> EXERCISE REQUIREMENTS
Needed from the data below: every line from the one with "池上公积金异地贷款政策解读，如何实现跨区域购房梦想？" up to and including the one with "What Would Elon", repeated exactly and with nothing else.
#### DATASET EXTRACT ####
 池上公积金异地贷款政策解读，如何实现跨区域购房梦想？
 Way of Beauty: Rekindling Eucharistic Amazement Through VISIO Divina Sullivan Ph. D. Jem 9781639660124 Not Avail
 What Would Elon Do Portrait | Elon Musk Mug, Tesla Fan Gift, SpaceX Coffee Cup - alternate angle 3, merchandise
####
#### DATASET EXTRACT ####
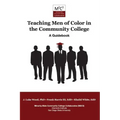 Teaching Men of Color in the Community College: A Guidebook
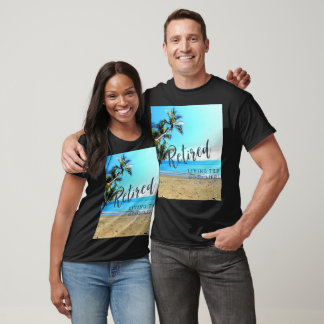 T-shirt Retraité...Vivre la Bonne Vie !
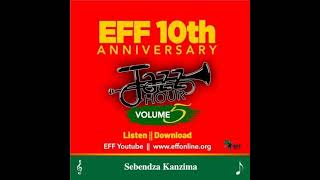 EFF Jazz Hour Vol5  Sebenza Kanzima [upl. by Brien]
####
#### DATASET EXTRACT ####
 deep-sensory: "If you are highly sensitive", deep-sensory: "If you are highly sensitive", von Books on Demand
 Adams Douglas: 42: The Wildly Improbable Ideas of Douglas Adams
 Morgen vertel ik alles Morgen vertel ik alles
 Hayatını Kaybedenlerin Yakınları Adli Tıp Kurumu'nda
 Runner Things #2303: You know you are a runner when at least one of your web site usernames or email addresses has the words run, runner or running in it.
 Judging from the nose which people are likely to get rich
####
> ANSWER SPACE
 池上公积金异地贷款政策解读，如何实现跨区域购房梦想？
 Way of Beauty: Rekindling Eucharistic Amazement Through VISIO Divina Sullivan Ph. D. Jem 9781639660124 Not Avail
 What Would Elon Do Portrait | Elon Musk Mug, Tesla Fan Gift, SpaceX Coffee Cup - alternate angle 3, merchandise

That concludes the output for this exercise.